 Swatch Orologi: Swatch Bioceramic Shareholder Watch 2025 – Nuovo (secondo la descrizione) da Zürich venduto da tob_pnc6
* * *
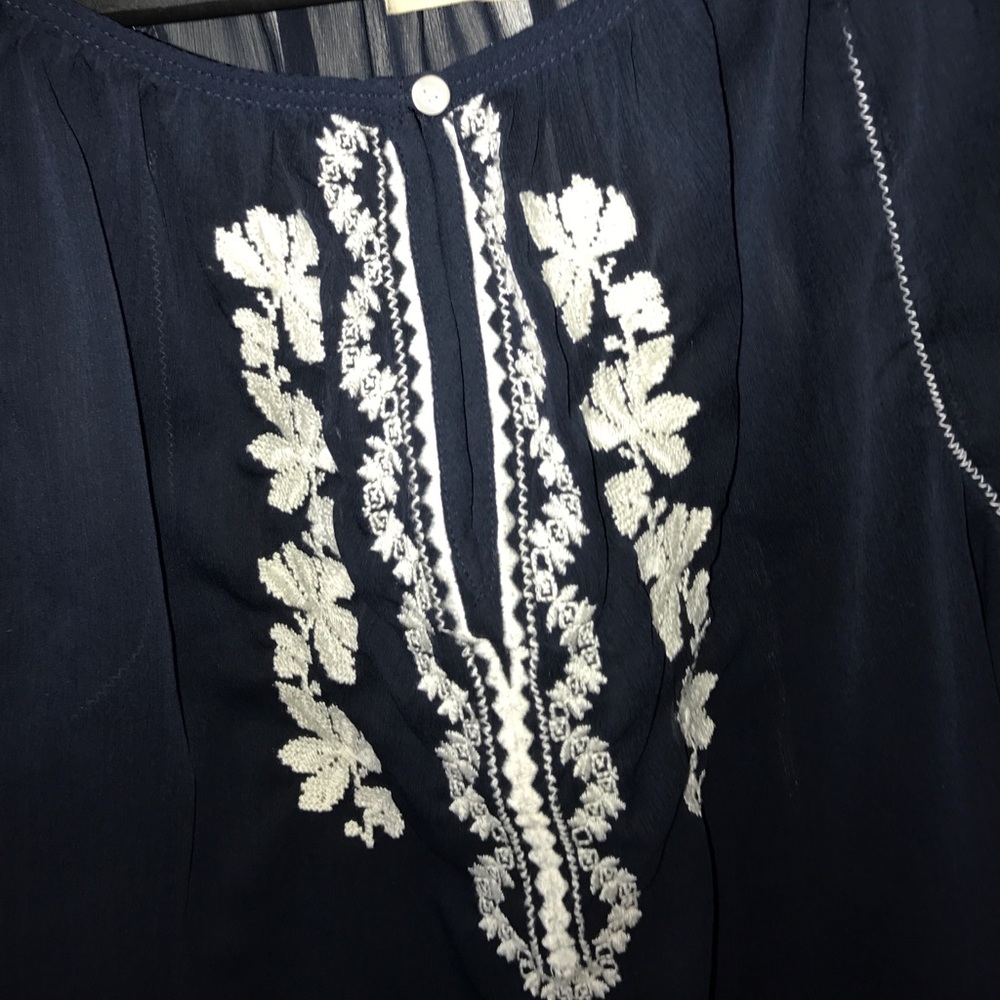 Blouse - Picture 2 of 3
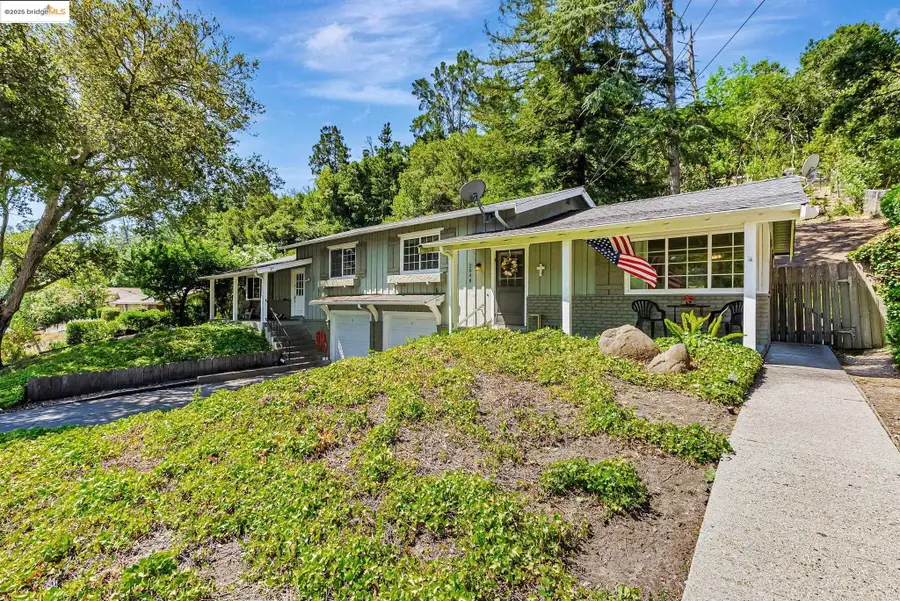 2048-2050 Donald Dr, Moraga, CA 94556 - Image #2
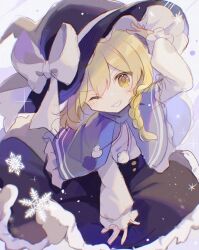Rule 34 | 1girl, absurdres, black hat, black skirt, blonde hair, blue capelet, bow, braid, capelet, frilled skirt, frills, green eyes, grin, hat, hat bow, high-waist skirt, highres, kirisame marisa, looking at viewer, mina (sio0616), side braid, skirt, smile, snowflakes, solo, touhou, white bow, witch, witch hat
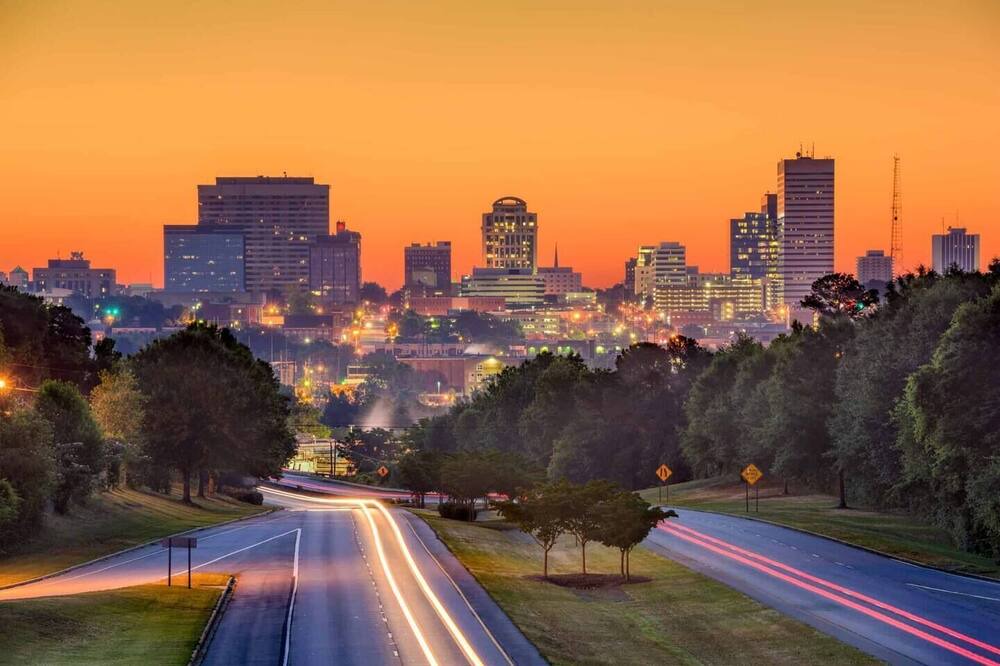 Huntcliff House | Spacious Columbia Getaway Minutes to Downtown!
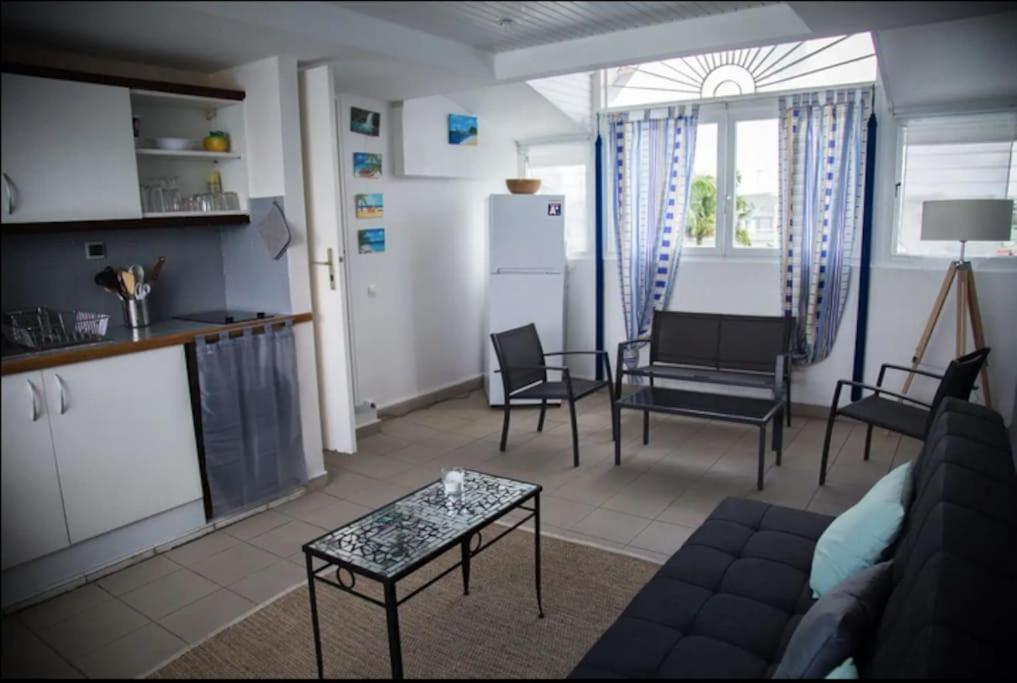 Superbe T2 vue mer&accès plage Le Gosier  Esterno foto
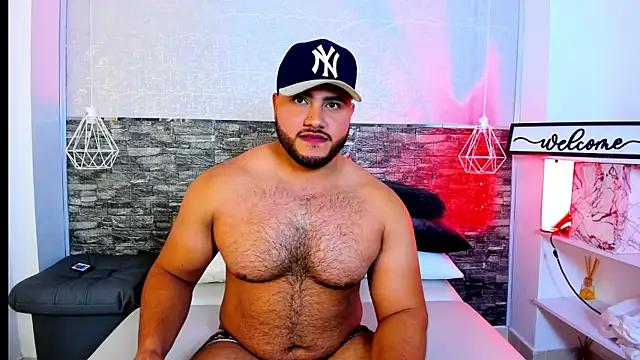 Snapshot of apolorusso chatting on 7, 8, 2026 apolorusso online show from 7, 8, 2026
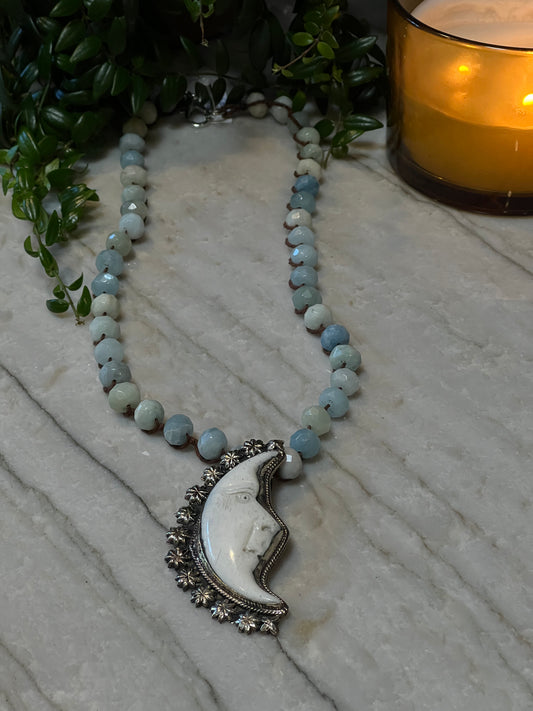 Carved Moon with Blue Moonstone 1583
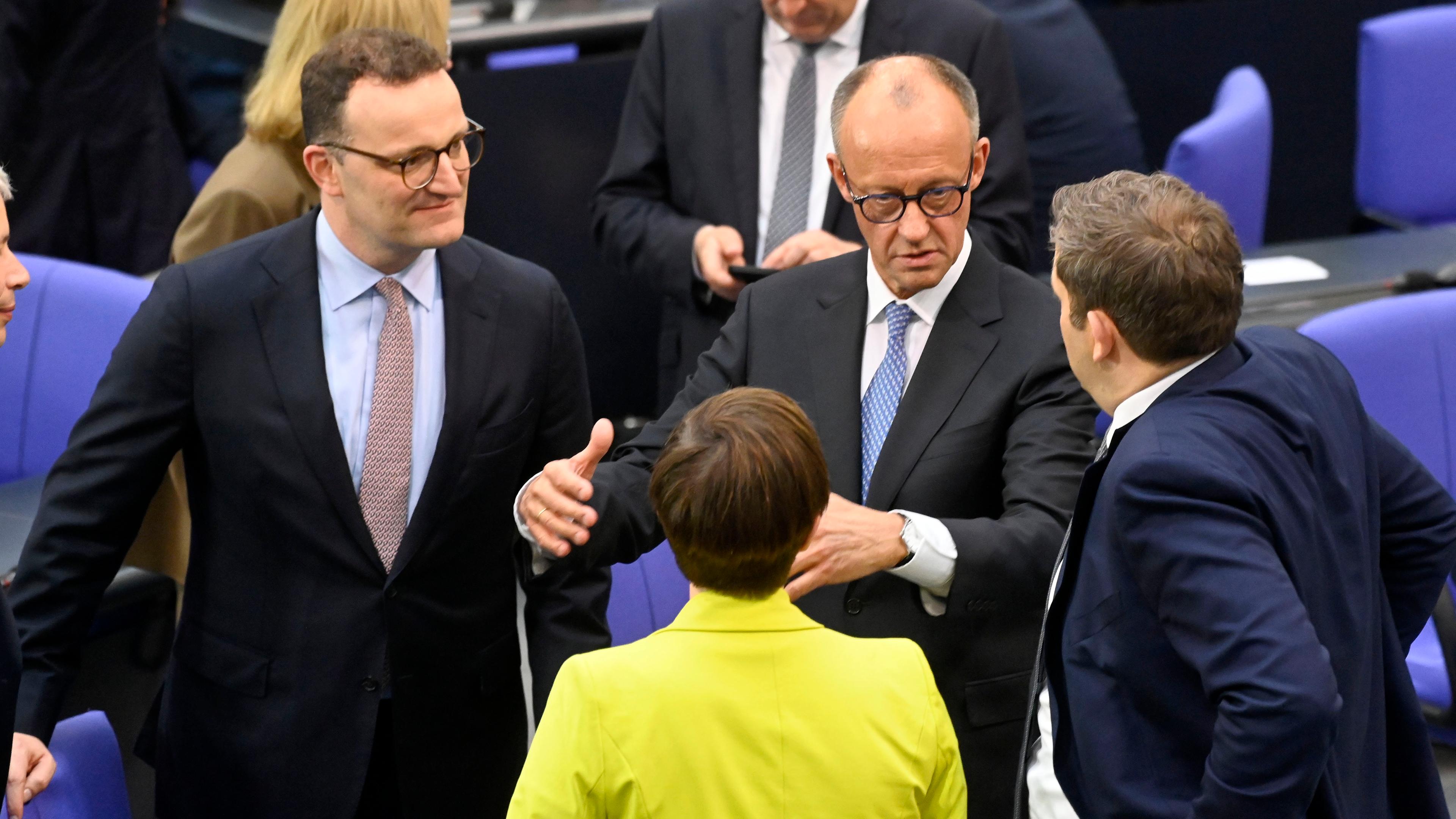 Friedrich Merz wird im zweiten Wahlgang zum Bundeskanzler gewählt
==
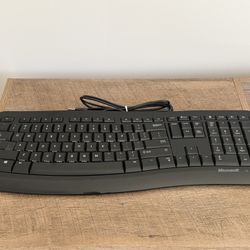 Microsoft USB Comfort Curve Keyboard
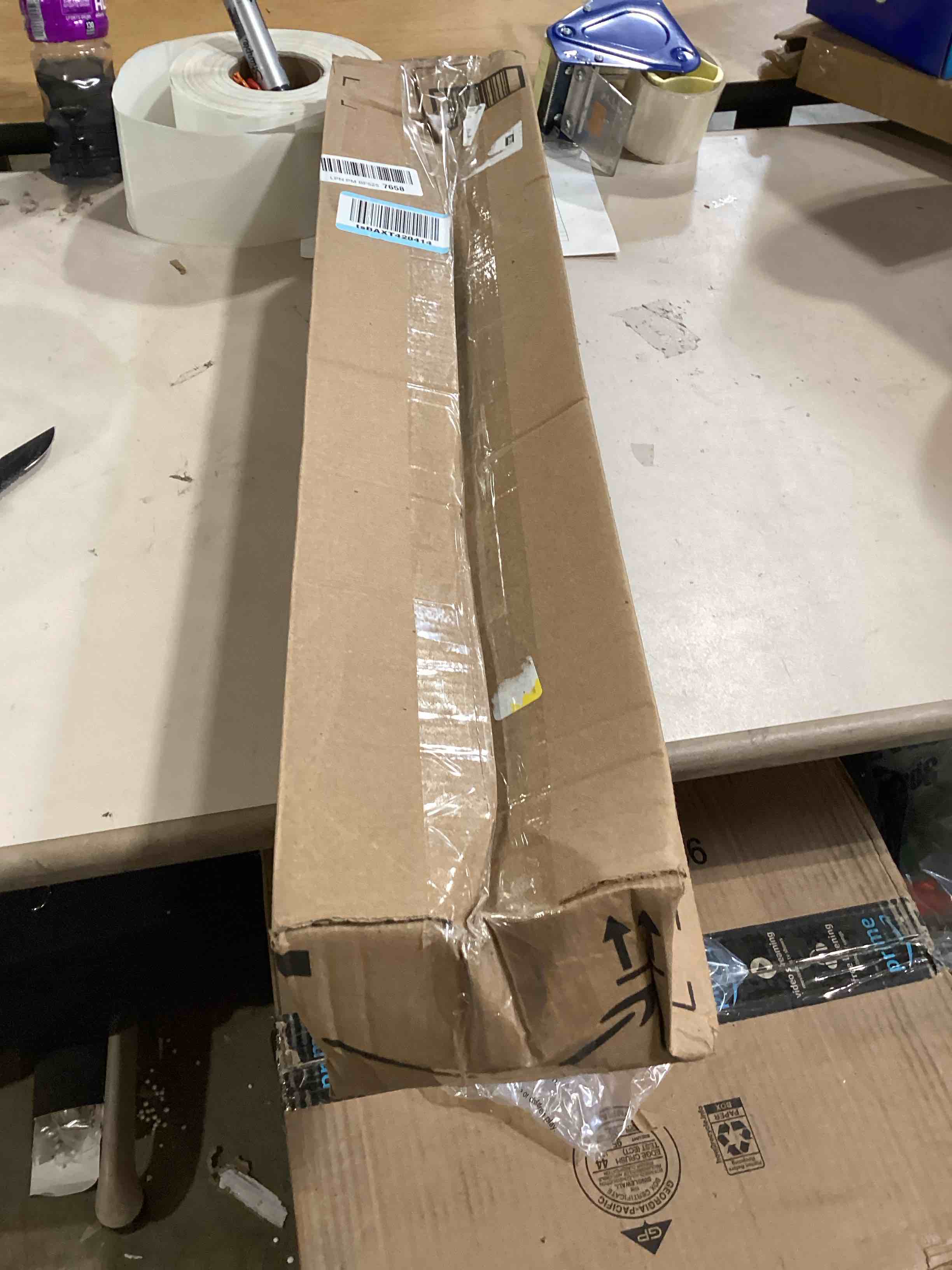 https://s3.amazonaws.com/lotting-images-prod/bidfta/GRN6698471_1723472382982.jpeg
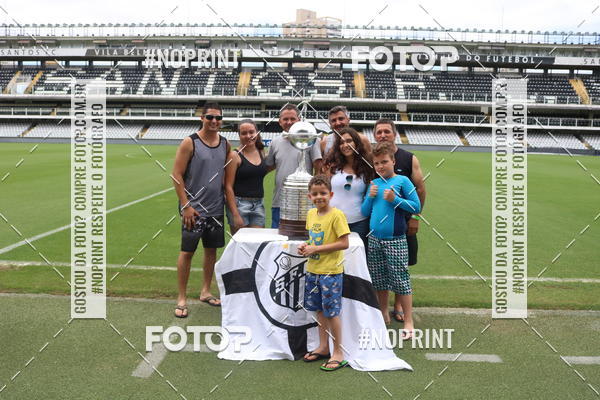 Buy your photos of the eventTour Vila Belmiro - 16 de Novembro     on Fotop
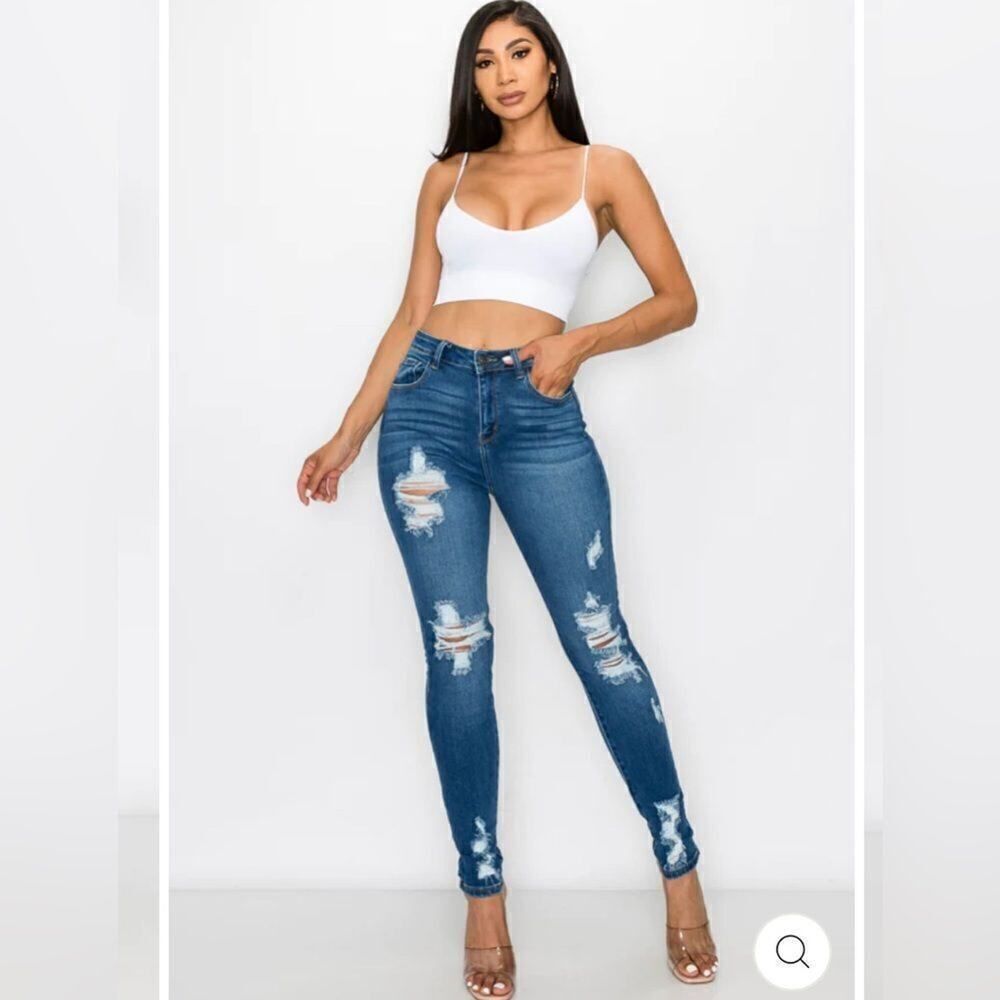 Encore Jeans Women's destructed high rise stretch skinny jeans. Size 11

▶ _Task_:
Beginning at the line above that contains "Rule 34 | 1girl, absurdres, black" and going on through the line that contains "Friedrich Merz wird", please copy every line exactly, leaving the pictures out and adding nothing.

▶ _The answer_:
Rule 34 | 1girl, absurdres, black hat, black skirt, blonde hair, blue capelet, bow, braid, capelet, frilled skirt, frills, green eyes, grin, hat, hat bow, high-waist skirt, highres, kirisame marisa, looking at viewer, mina (sio0616), side braid, skirt, smile, snowflakes, solo, touhou, white bow, witch, witch hat
 Huntcliff House | Spacious Columbia Getaway Minutes to Downtown!
 Superbe T2 vue mer&accès plage Le Gosier  Esterno foto
 Snapshot of apolorusso chatting on 7, 8, 2026 apolorusso online show from 7, 8, 2026
 Carved Moon with Blue Moonstone 1583
 Friedrich Merz wird im zweiten Wahlgang zum Bundeskanzler gewählt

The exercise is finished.